Crossing the Species Divide: Transfer Learning from Speech to Animal Sounds
Jules Cauzinille, Marius Miron, Olivier Pietquin, Masato Hagiwara, Ricard Marxer, Arnaud Rey, Benoit Favre
TL;DR
This work investigates whether self-supervised speech models can transfer to bioacoustic tasks across diverse species. It evaluates HuBERT, WavLM, and XEUS using linear probing and time-aware downstream setups on the BEANS benchmark, examining effects of noise, time information, and frequency range. The findings show that speech-based representations can achieve competitive bioacoustic performance, with noise-robust pretraining and temporal attention aiding transfer, while simple linear probes often outperform more complex recurrent models.
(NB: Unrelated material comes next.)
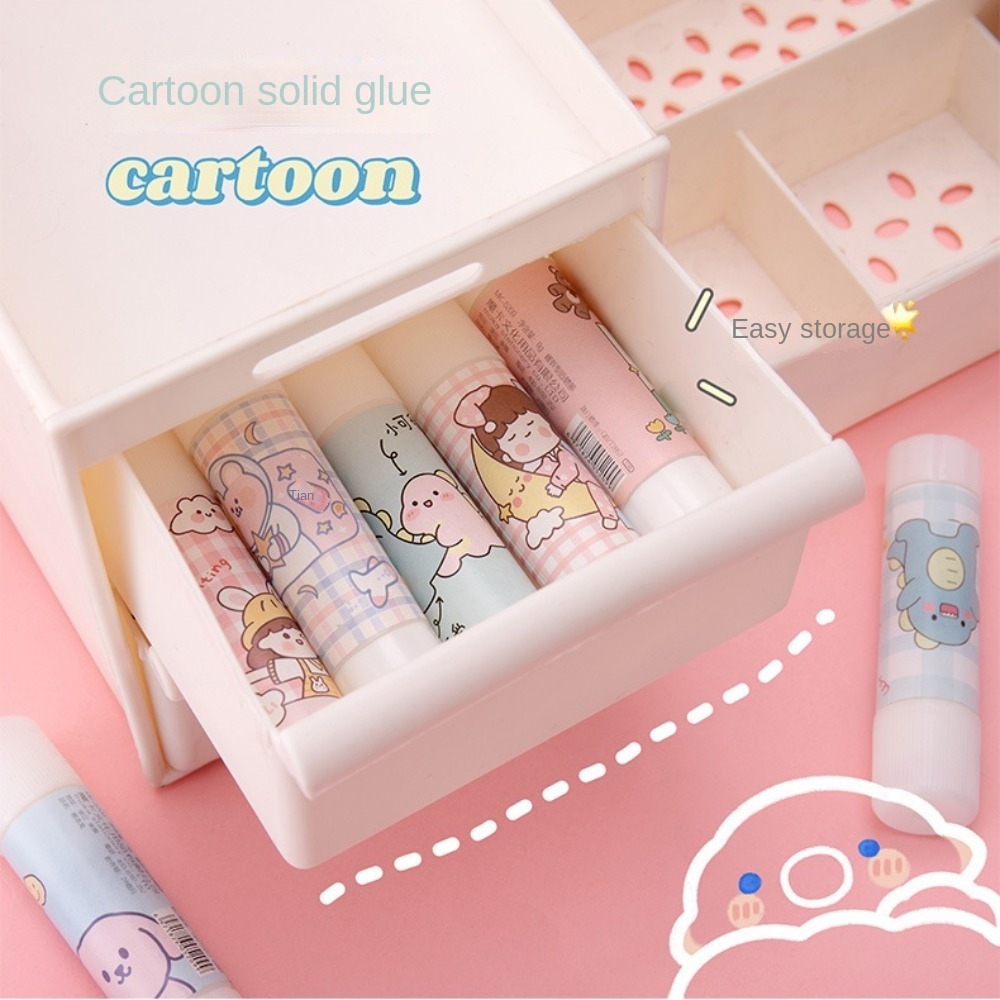 Practical Cartoon Solid Glue S - Art Craft 5 Year Old บทวิจารณ์และราคา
The study underscores the potential of speech-founded foundation models for data-limited bioacoustic research and outlines directions for future domain-tailored pretraining and evaluation.
Abstract
Self-supervised speech models have demonstrated impressive performance in speech processing, but their effectiveness on non-speech data remains underexplored. We study the transfer learning capabilities of such models on bioacoustic detection and classification tasks. We show that models such as HuBERT, WavLM, and XEUS can generate rich latent representations of animal sounds across taxa. We analyze the models properties with linear probing on time-averaged representations. We then extend the approach to account for the effect of time-wise information with other downstream architectures. Finally, we study the implication of frequency range and noise on performance. Notably, our results are competitive with fine-tuned bioacoustic pre-trained models and show the impact of noise-robust pre-training setups. These findings highlight the potential of speech-based self-supervised learning as an efficient framework for advancing bioacoustic research.